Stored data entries
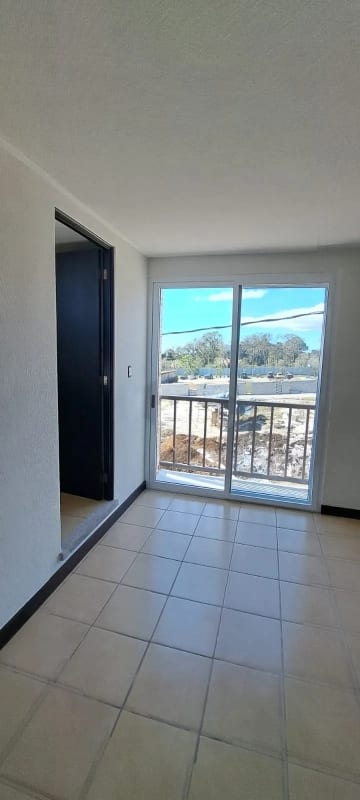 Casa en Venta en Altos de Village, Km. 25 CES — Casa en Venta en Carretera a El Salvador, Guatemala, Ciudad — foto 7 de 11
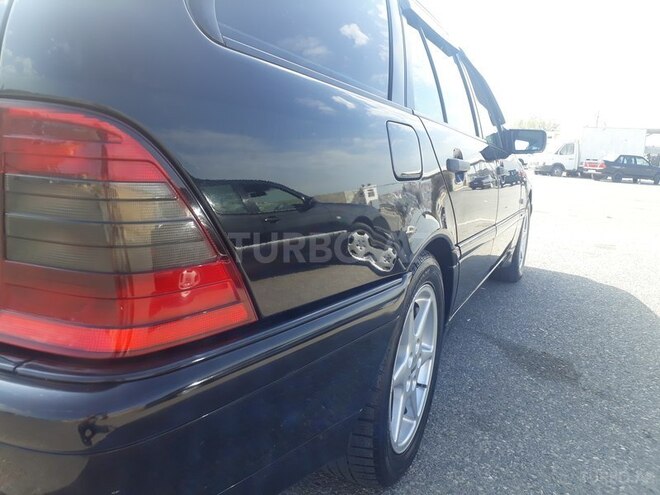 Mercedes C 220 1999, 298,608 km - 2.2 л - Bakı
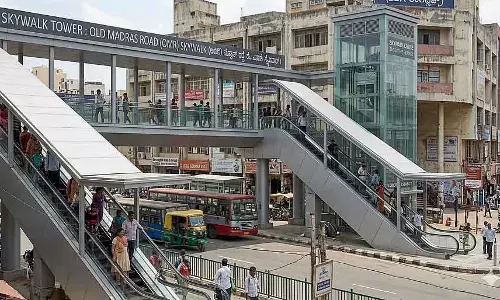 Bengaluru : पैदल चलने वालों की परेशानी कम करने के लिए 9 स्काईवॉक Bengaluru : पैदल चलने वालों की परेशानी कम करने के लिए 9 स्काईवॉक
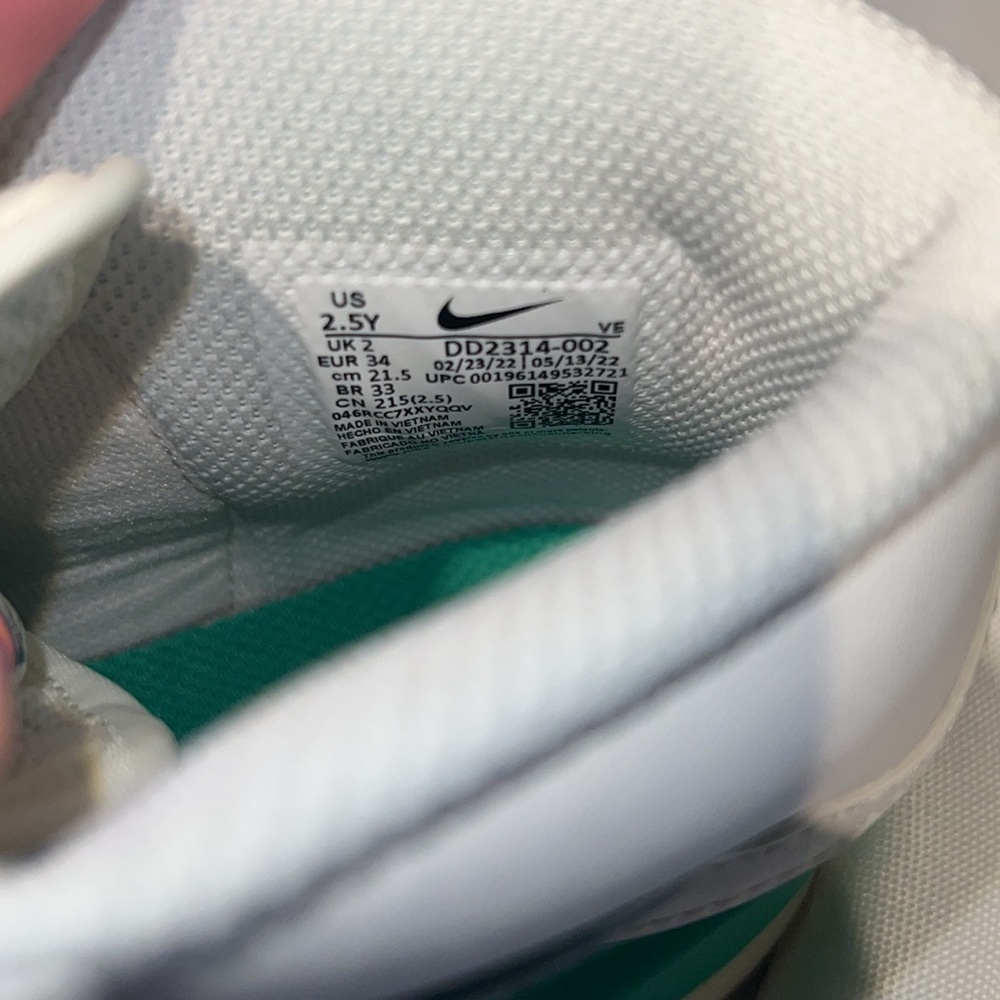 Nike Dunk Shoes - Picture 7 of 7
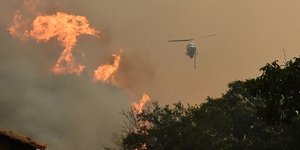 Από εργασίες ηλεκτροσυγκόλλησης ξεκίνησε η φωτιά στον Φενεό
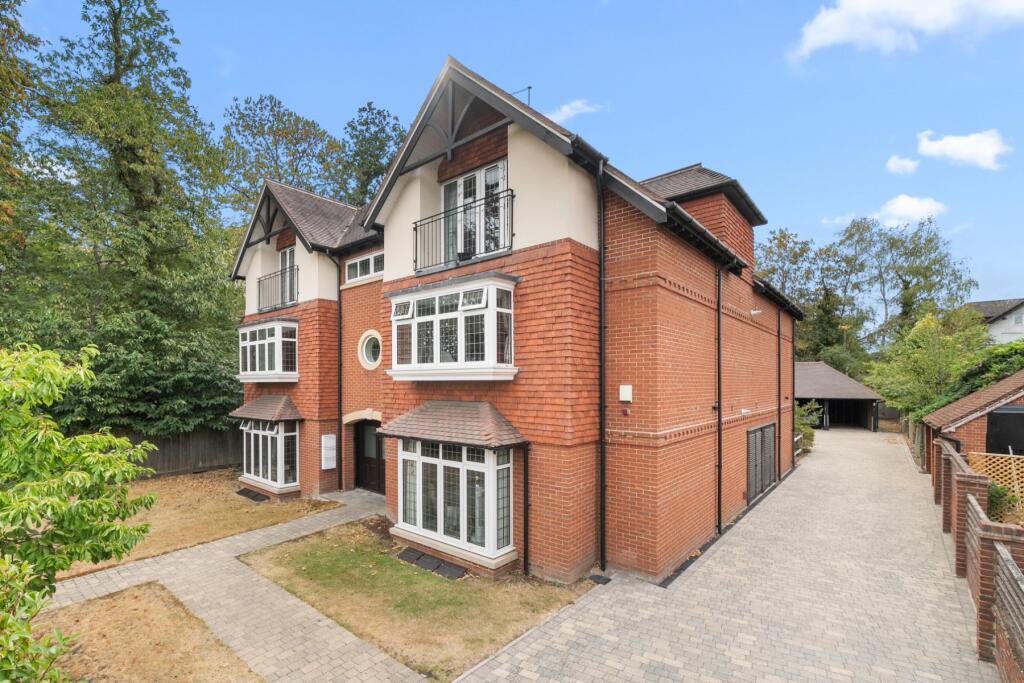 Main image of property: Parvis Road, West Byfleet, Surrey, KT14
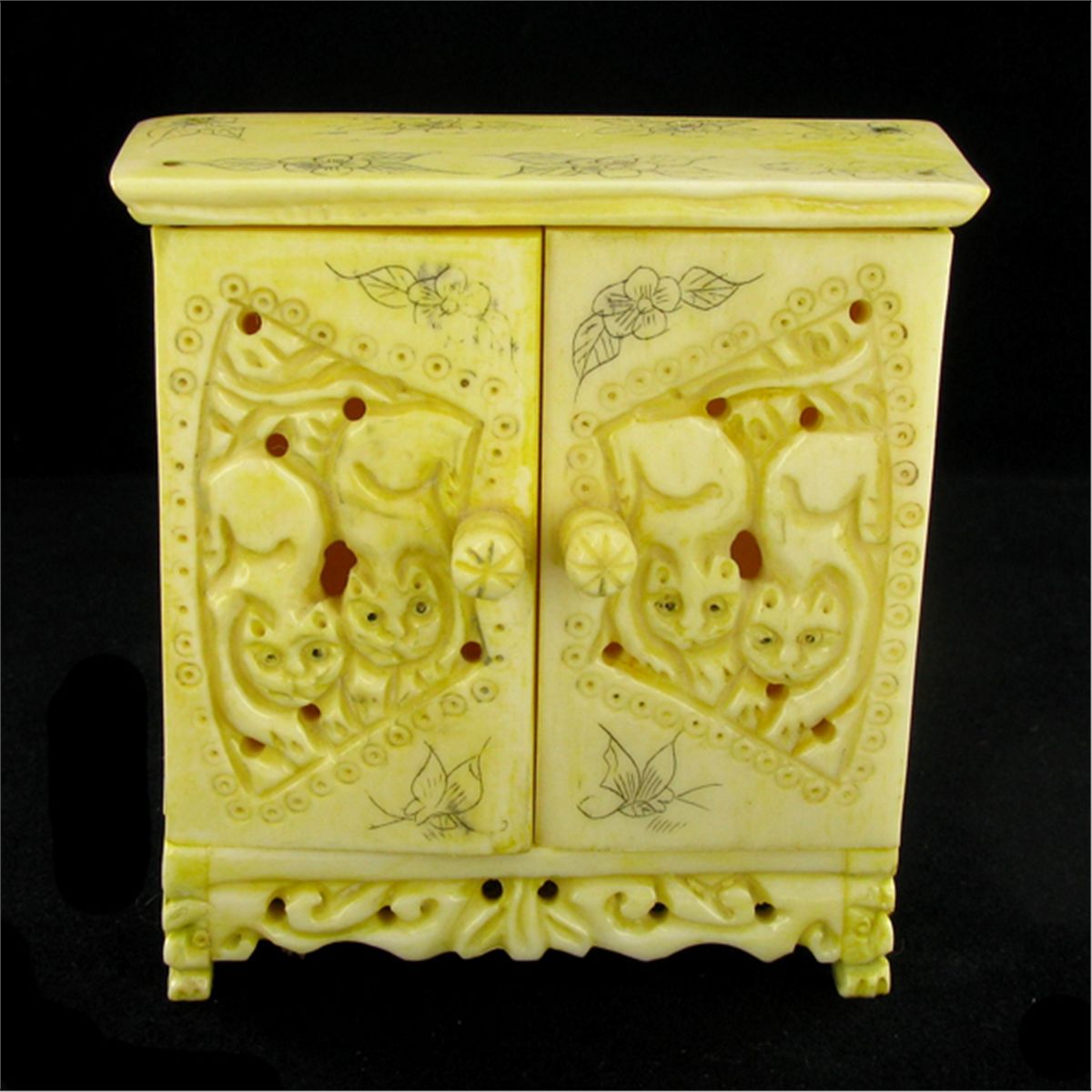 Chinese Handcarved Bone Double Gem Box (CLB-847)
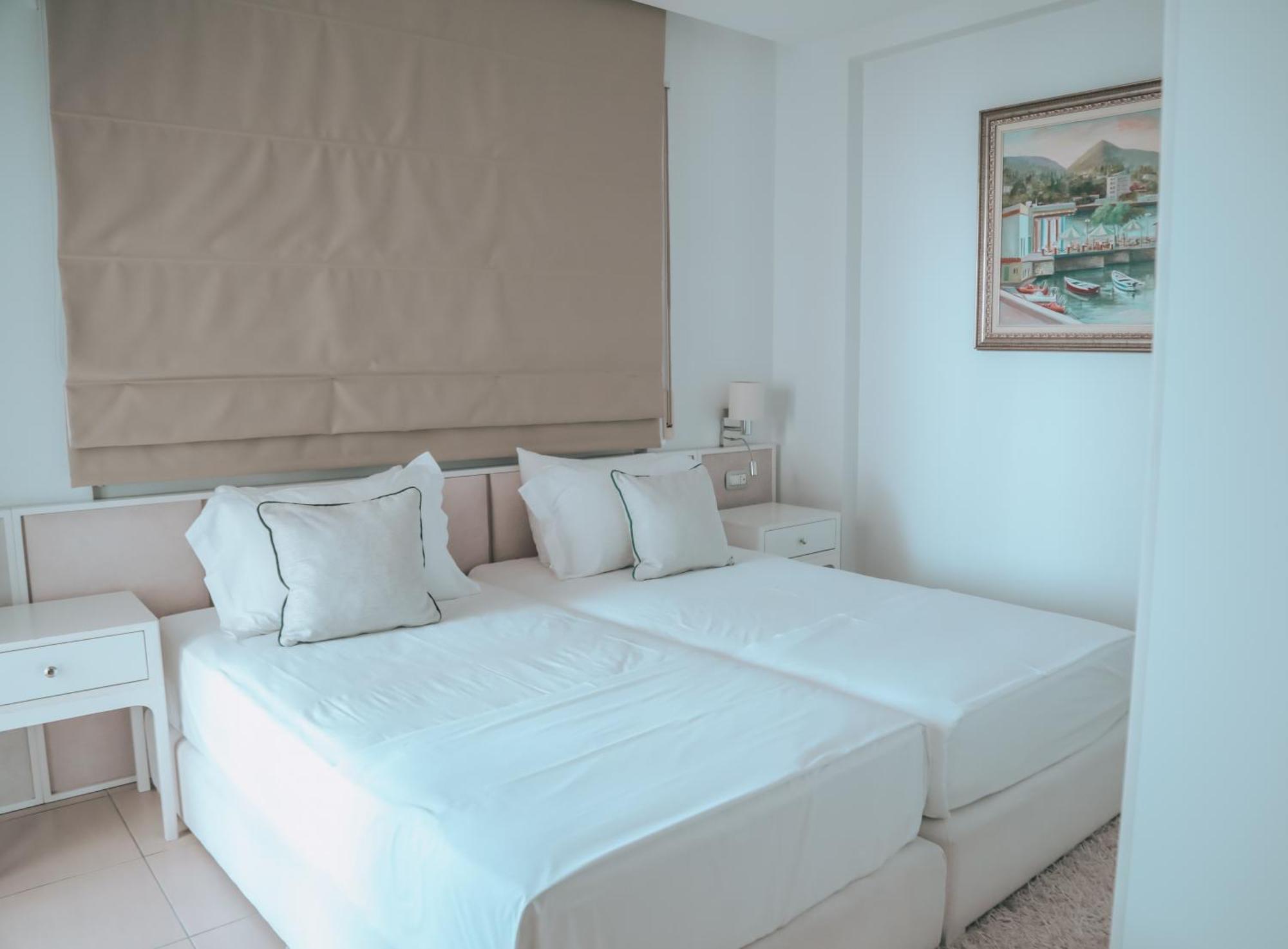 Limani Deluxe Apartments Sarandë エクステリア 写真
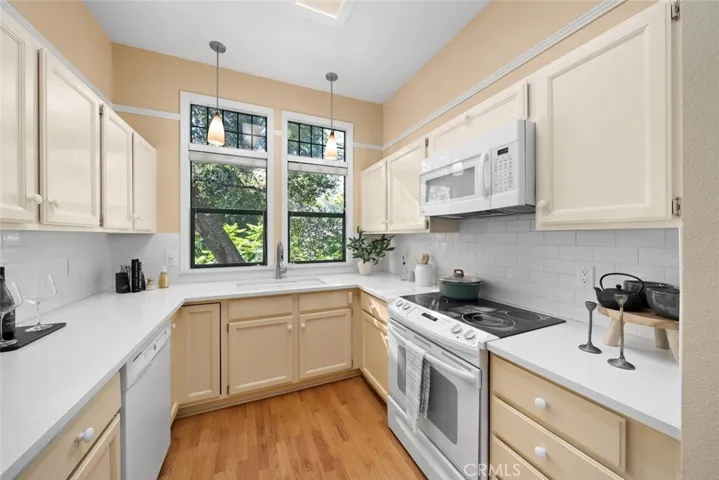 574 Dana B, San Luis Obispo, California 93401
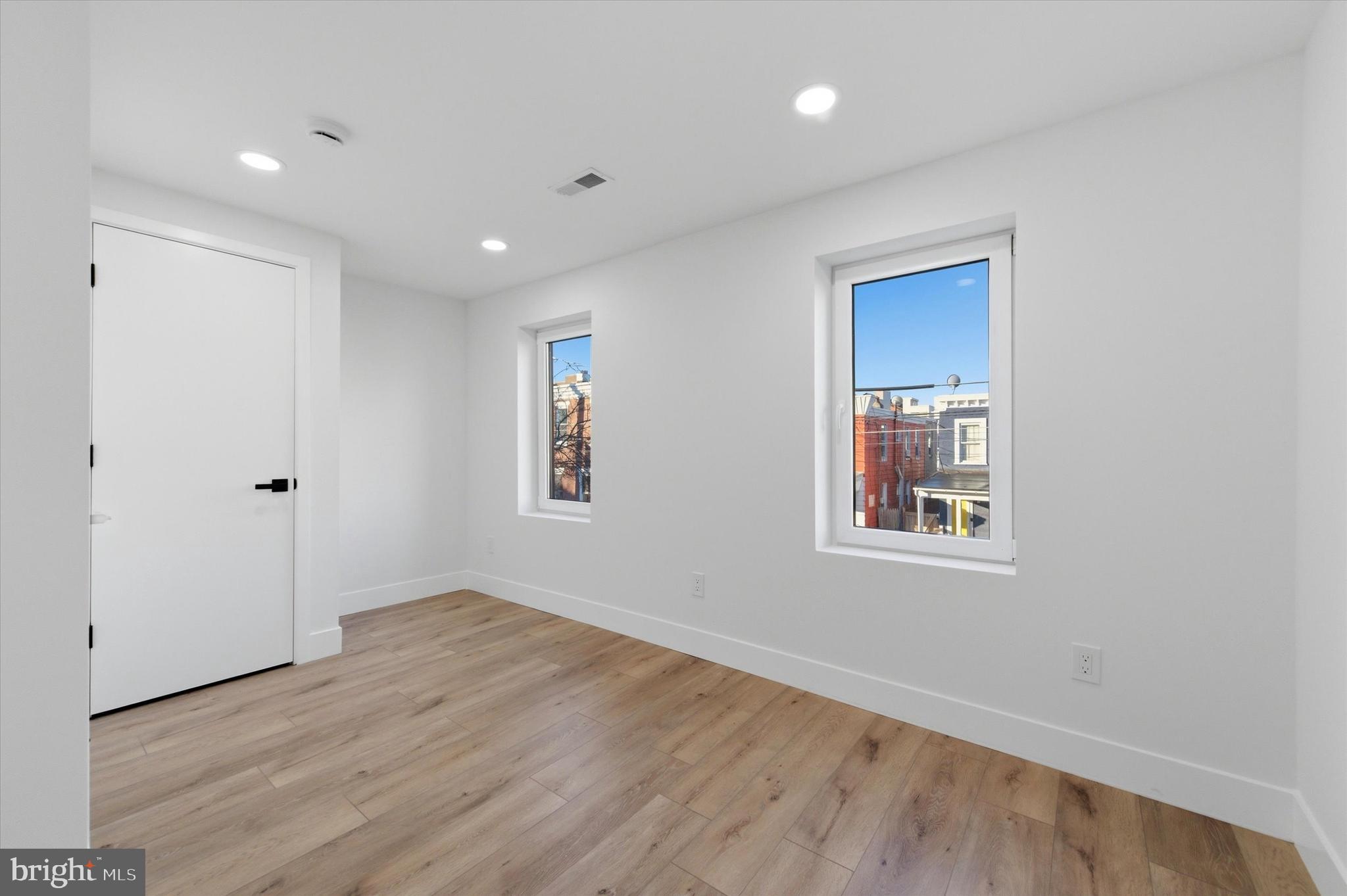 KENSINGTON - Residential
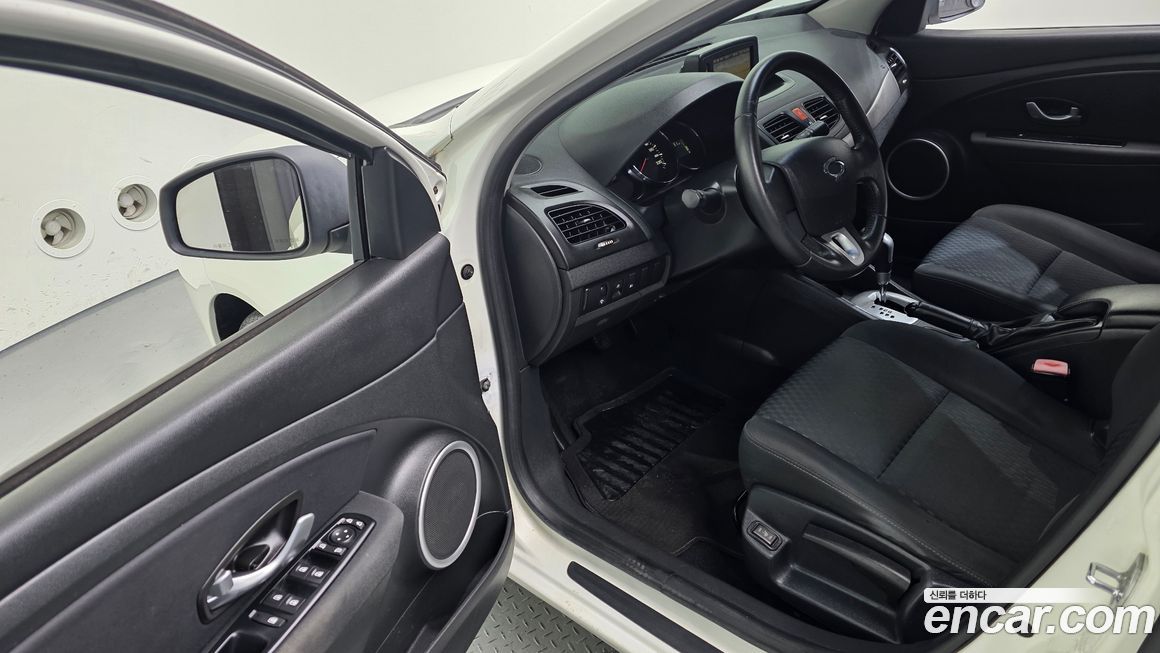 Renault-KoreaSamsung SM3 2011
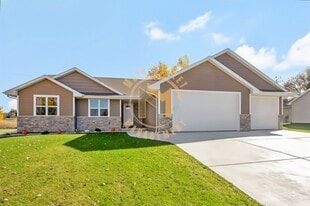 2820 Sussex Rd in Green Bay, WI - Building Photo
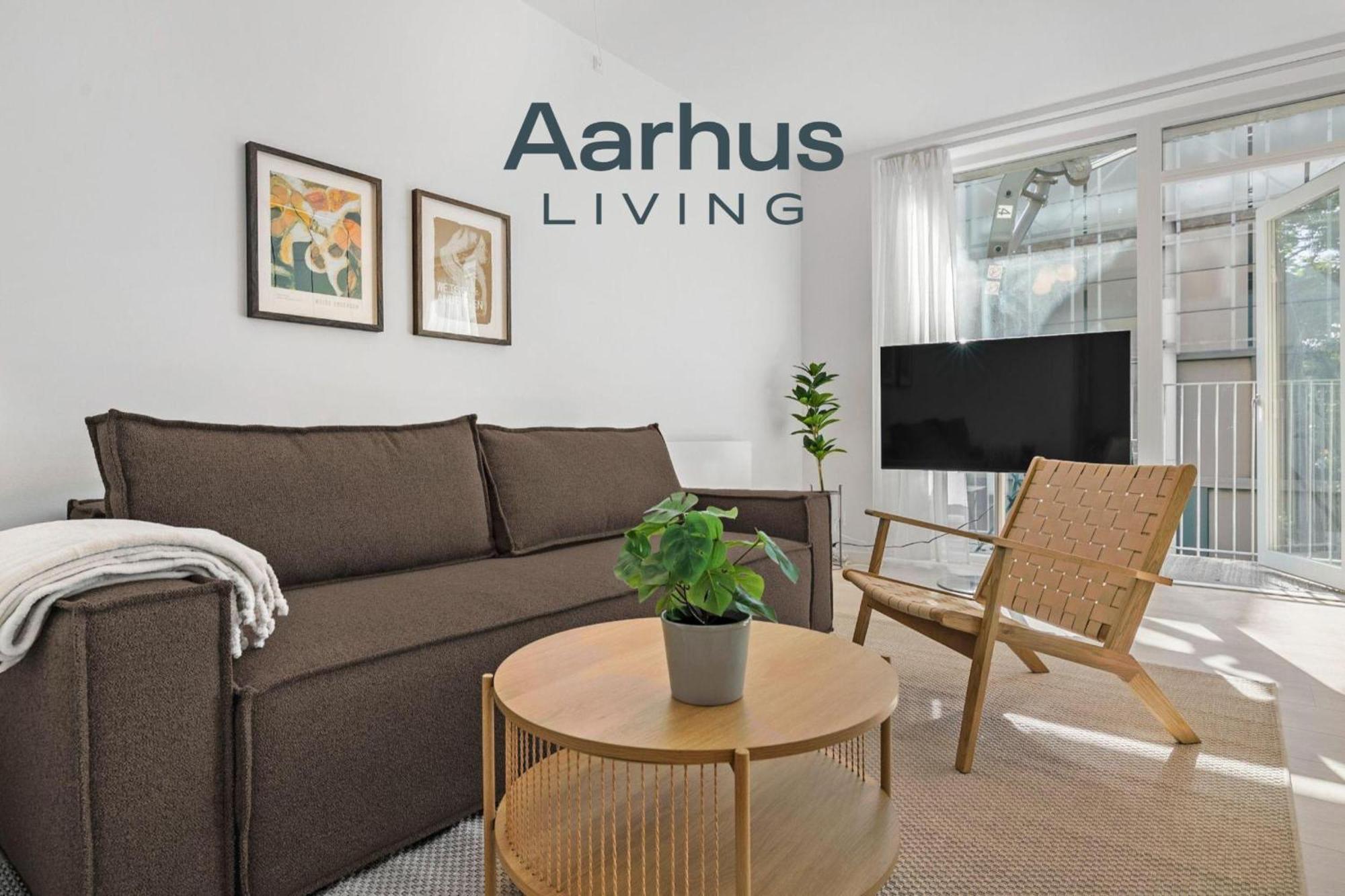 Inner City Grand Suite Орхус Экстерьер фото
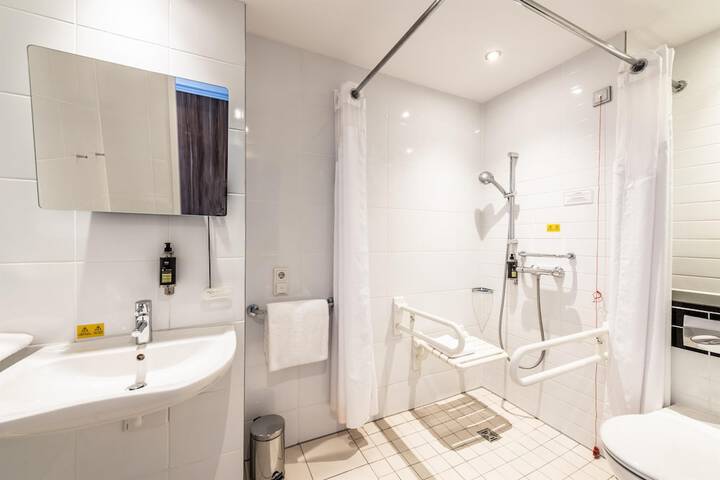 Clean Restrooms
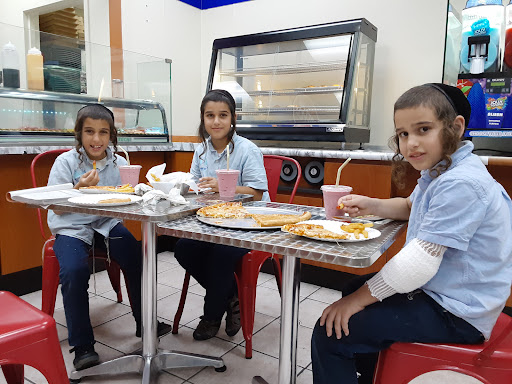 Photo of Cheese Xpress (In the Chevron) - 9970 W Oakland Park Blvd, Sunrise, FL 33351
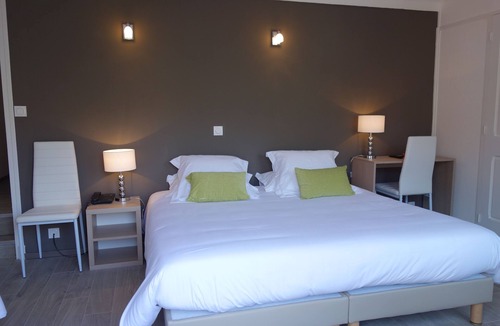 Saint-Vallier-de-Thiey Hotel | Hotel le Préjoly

__AIM OF THE EXERCISE__: Every entry should be repeated verbatim, with the pictures left out.

__ANSWER TO THE EXERCISE__:
 Casa en Venta en Altos de Village, Km. 25 CES — Casa en Venta en Carretera a El Salvador, Guatemala, Ciudad — foto 7 de 11
 Mercedes C 220 1999, 298,608 km - 2.2 л - Bakı
 Bengaluru : पैदल चलने वालों की परेशानी कम करने के लिए 9 स्काईवॉक Bengaluru : पैदल चलने वालों की परेशानी कम करने के लिए 9 स्काईवॉक
 Nike Dunk Shoes - Picture 7 of 7
 Από εργασίες ηλεκτροσυγκόλλησης ξεκίνησε η φωτιά στον Φενεό
 Main image of property: Parvis Road, West Byfleet, Surrey, KT14
 Chinese Handcarved Bone Double Gem Box (CLB-847)
 Limani Deluxe Apartments Sarandë エクステリア 写真
 574 Dana B, San Luis Obispo, California 93401
 KENSINGTON - Residential
 Renault-KoreaSamsung SM3 2011
 2820 Sussex Rd in Green Bay, WI - Building Photo
 Inner City Grand Suite Орхус Экстерьер фото
 Clean Restrooms
 Photo of Cheese Xpress (In the Chevron) - 9970 W Oakland Park Blvd, Sunrise, FL 33351
 Saint-Vallier-de-Thiey Hotel | Hotel le Préjoly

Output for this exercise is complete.